Representative Kevin McCarthy of California, the minority leader in the lower chamber, has said that he believes the debt ceiling should be raised, but lawmakers should reconsider current spending. He said he would not “predetermine” whether Social Security and Medicare would be part of those discussions.
The impending departure of multiple centrist Republican lawmakers has also heightened fears of a standoff in early 2023. Only one House Republican, Representative Adam Kinzinger of Illinois, who is retiring, ultimately voted to raise the debt limit in 2021.
“This is going to be a lame duck that’s not going to be for the fainthearted,” Senator Ron Wyden of Oregon, the chairman of the Finance Committee, said in an interview. Conversations have already begun about how to stave off the threat of cuts to crucial safety net programs or the economic catastrophe that would be unleashed if the United States defaulted on its debt, he said.

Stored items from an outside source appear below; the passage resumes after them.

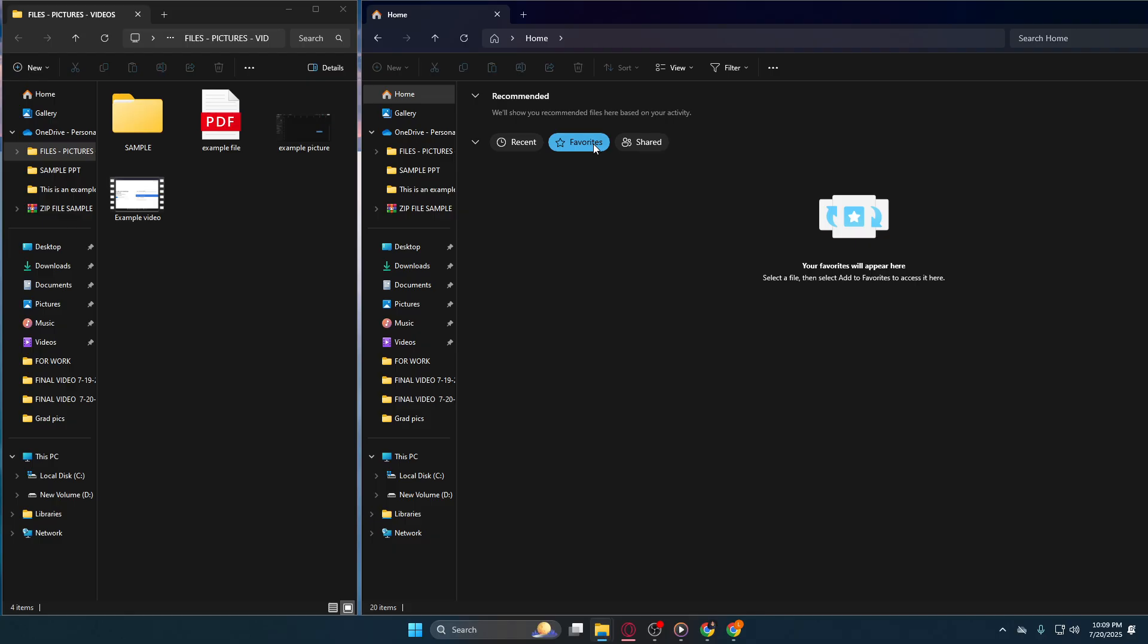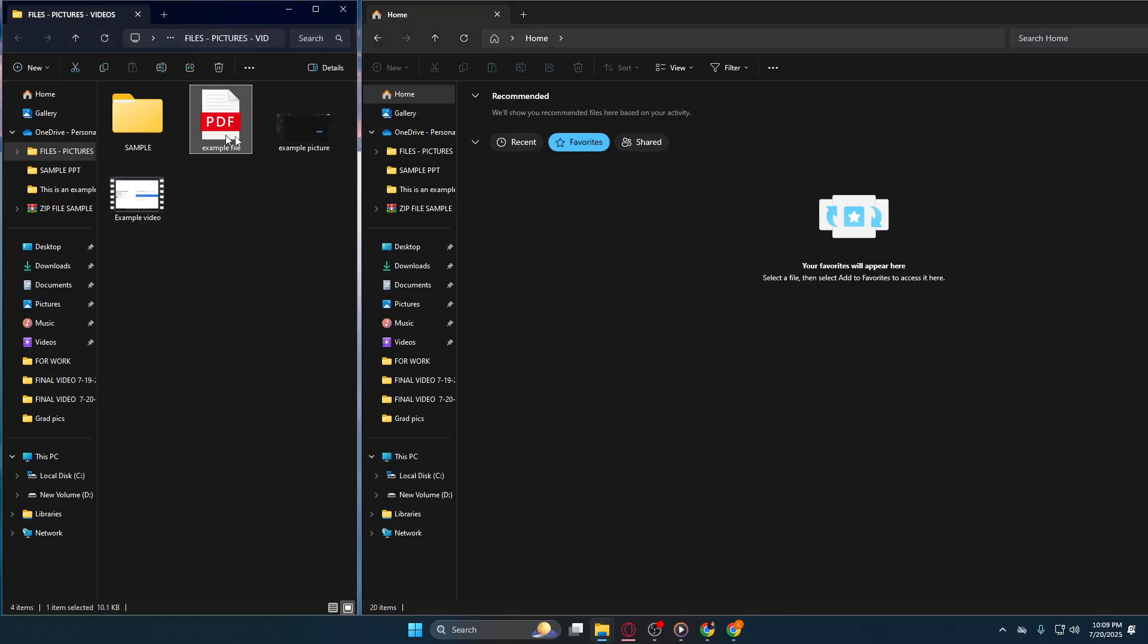With the Favorite section highlighted, it's time to decide which files or folders deserve a spot in this quick-access lineup. Select the file you want to add by clicking on it. This is an intuitive step, just like selecting any file for copying or moving.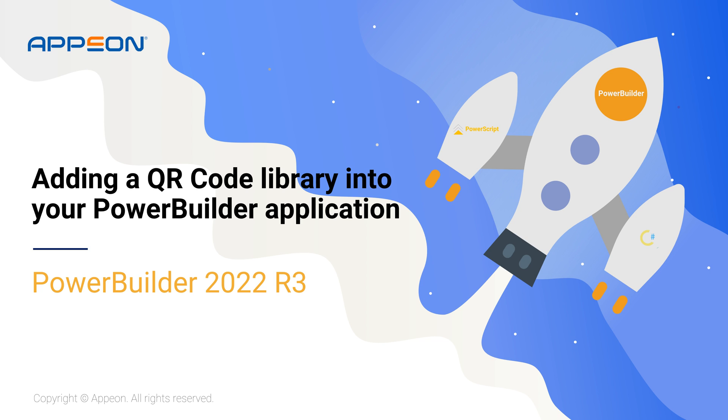Hello everyone, welcome back to our channel. Today, I'm excited to share with you a powerful technique that'll level up your PowerBuilder projects. We'll import non-natively available features into PowerBuilder by importing them from .NET libraries.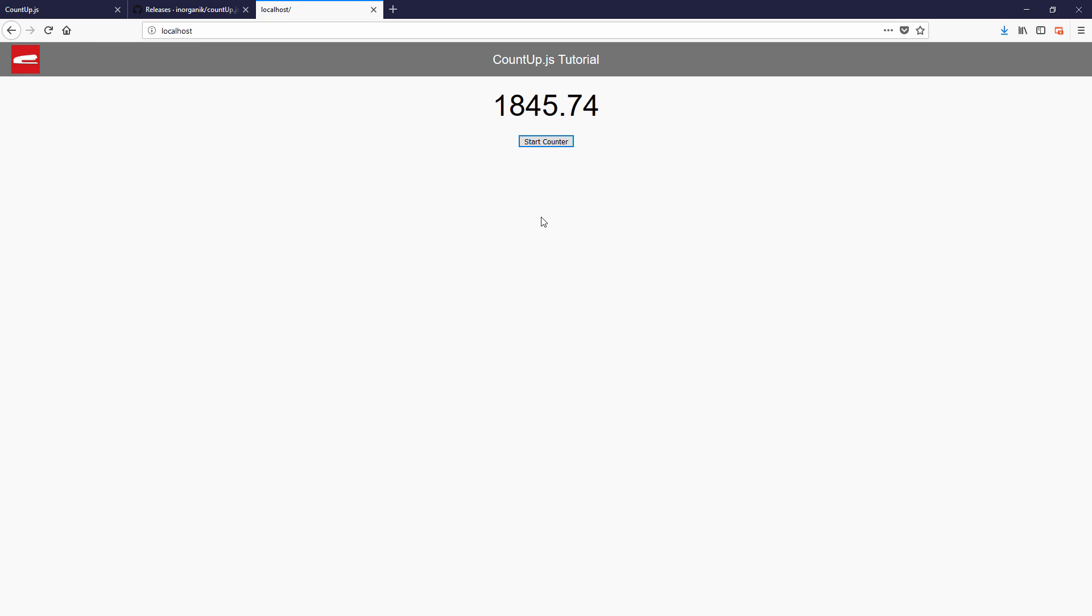Just tell them the start and final number and how long the animation should be and countup.js will do the rest for you. Ready? Let's check it out.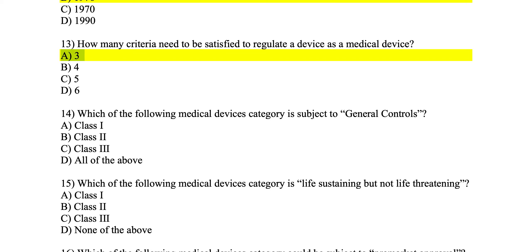Number 14: which medical device category is subject to general controls? All of them — class one, two, and three — should be subject to general controls. That is the correct answer.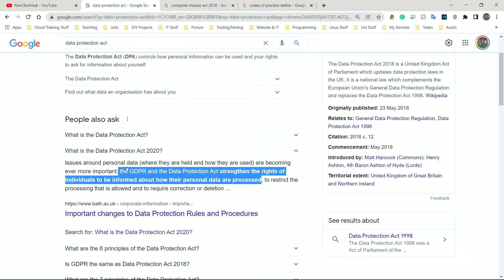So both of them have been updated. The Data Protection Act of 2020 strengthens the rights of individuals to be informed about how their personal data is kept and processed. This means that companies and individuals that hold people's personal data have to be very careful how they store it — it must be stored in a relatively secure manner, and only accessible to those who need it. For example, a teacher in a school has access to student details, but it wouldn't make sense for a cleaner or lunch lady to have students' names, phone numbers, or parents' names.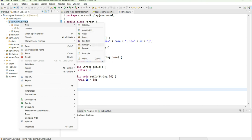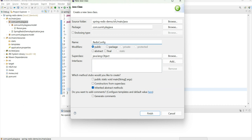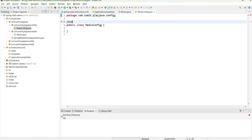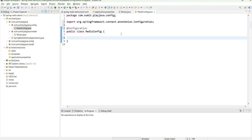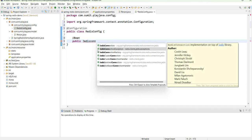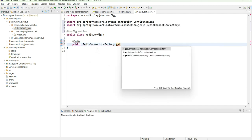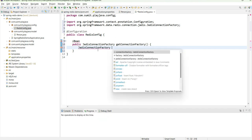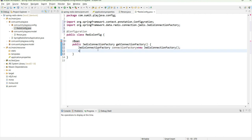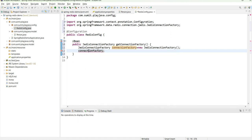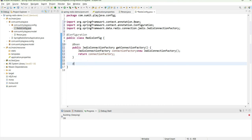Second, let's create the configuration. I'll create a package com.summit.playjava.config and a class RedisConfig inside it. I'll annotate it with @Configuration. The first bean will be the JedisConnectionFactory, which provides the connection. I can change parameters like client name, but for simplicity let's just return the connection factory as-is.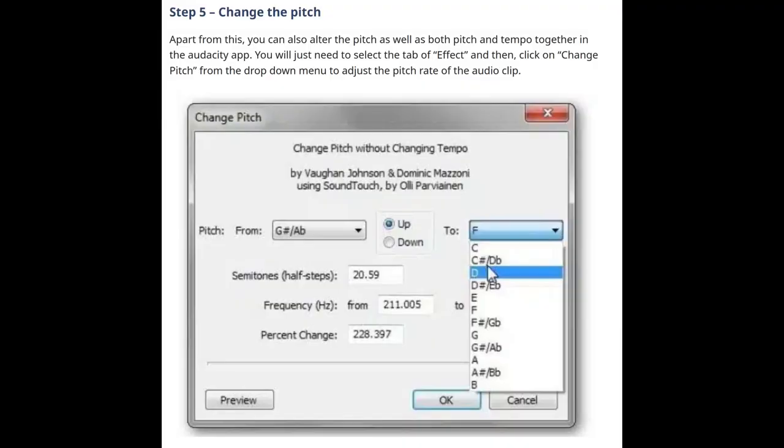Step 5: Change the pitch. Apart from this, you can also alter the pitch, as well as both pitch and tempo together, in the Audacity app. You will just need to select the Effect tab and then click on Change Pitch from the drop-down menu to adjust the pitch rate of the audio clip.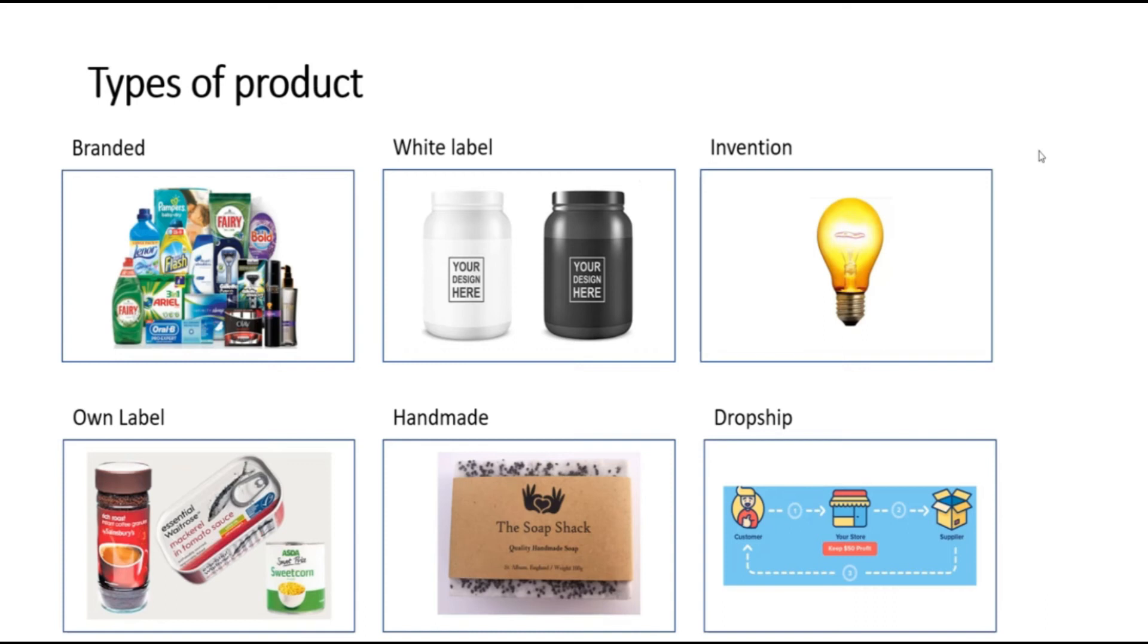Dropshipping is where your supplier will ship the product directly from them to your customer. This has the advantage that you do not have to buy the stock in advance. However, when dropshipping products, you lose control of the delivery process and from experience many dropshippers are of poor quality.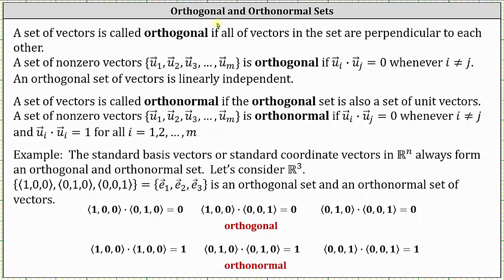Welcome to a lesson on orthogonal and orthonormal sets of vectors. A set of vectors is called orthogonal if all the vectors in the set are perpendicular to each other. A set of non-zero vectors containing the vectors u₁ through uₘ is orthogonal if the dot product of vector uᵢ and vector uⱼ equals zero whenever i doesn't equal j.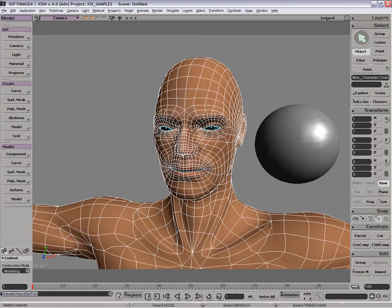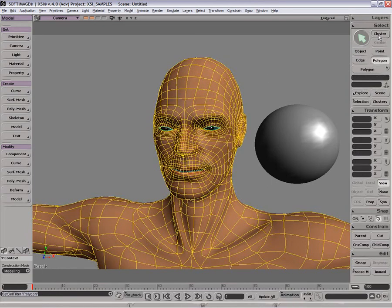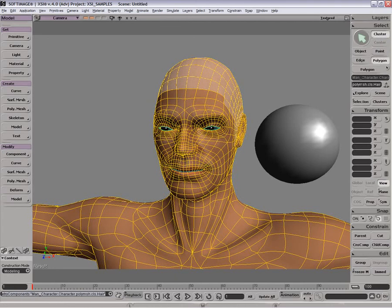Furthermore, if I were to go into, for example, a cluster — let's go into polygons and we have maybe a cluster on the head — you'll see it now has the label for that cluster entered, so you know exactly which cluster it is you've selected.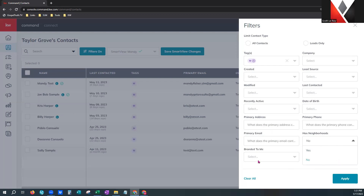Over here for branded to me — if I put yes, branded to me — these are clients or consumers that have logged into my KW Consumer Mobile app or my website and chosen me as their agent. They will show up in this search. I can mark yes, branded to me, and they will show up.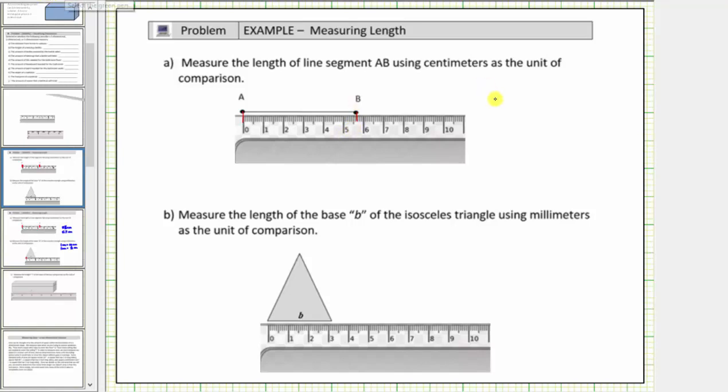As a mixed number, we have five and seven tenths centimeters. As a decimal, we have five point seven centimeters.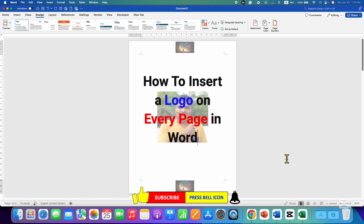Click the like button, comment below and let me know if this video solved your problem, and don't forget to check out these useful videos if you want to learn more about Microsoft Word.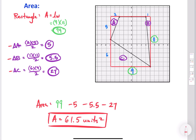Try to draw that enclosing rectangle and then subtract those right triangles surrounding your figure, just like we did here. I hope this helped in terms of finding the area and perimeter of a polygon on a coordinate plane. If you liked it, give me a like, leave a comment, subscribe, and I'll catch you on the next one. Have a good one!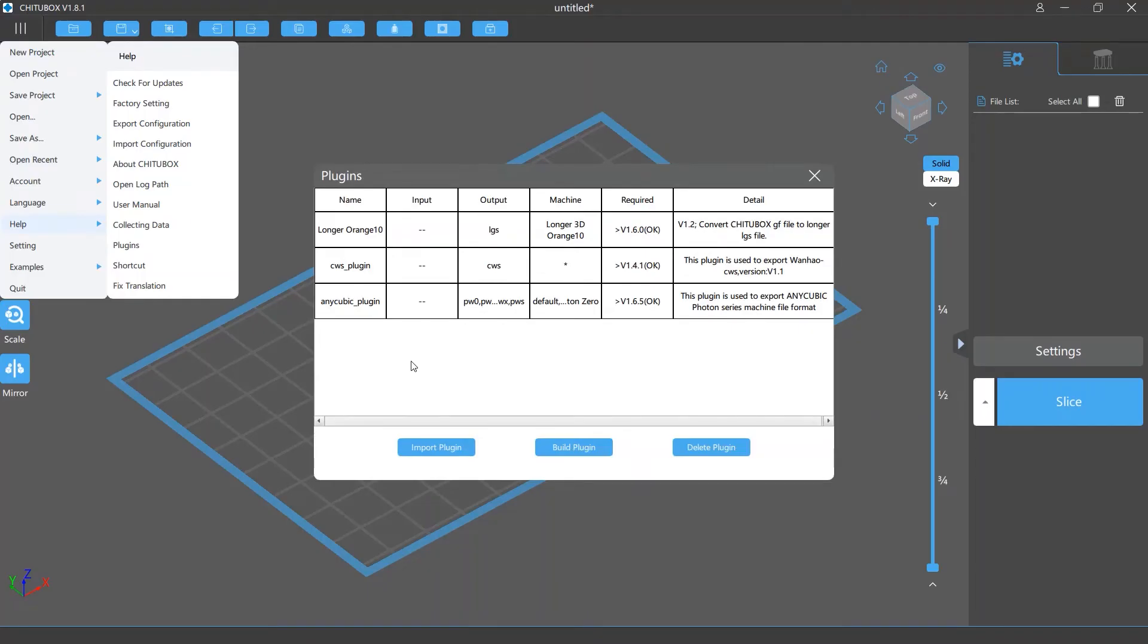Then on the window that appears, you will see a list of plugins that have been installed on Tuttlebox. For now, the main function of Tuttlebox plugins is to output slice file formats for some specific printers.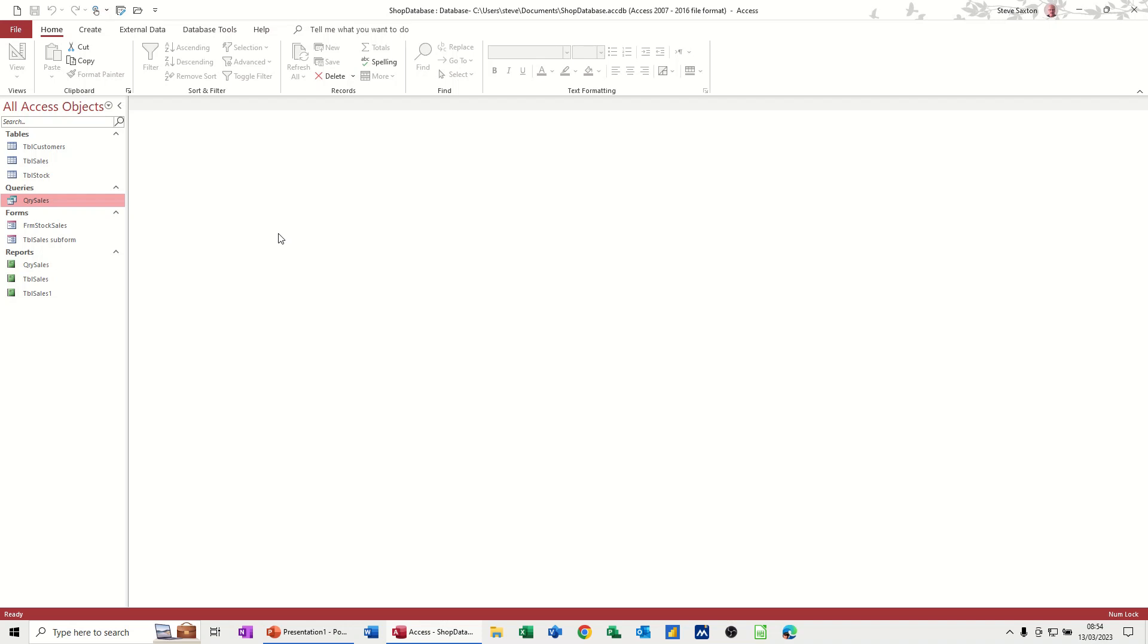Hi guys, welcome to this session on Microsoft Access. In this module, I want to have a look at how you can create a report for a shop database. This is part three of the shop database series.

With seven weeks remaining between Nov. 14, when lawmakers return after the midterms, and the start of the new Congress on Jan. 3, it is unclear whether Democrats can muster the time or the political will to take up legislation addressing the debt limit.
Congress must pass an omnibus spending package to keep the government open after Dec. 16 and the annual defense policy bill. That legislation could include more money for Ukraine in its war against Russia, after Mr. McCarthy suggested a Republican majority would question future aid to Ukraine.
Mr. Wyden, like other Democratic officials, did not rule out the possibility of his party trying to unilaterally raise the debt limit during a lame-duck session, by using fast-track reconciliation rules that would prevent a Republican filibuster.
“I’m not going to take anything off the table,” Mr. Wyden said, adding, “I think you’ll find growing amount of concern, particularly about gutting Social Security and Medicare, since this is not as if they haven’t told you what they’re going to do.”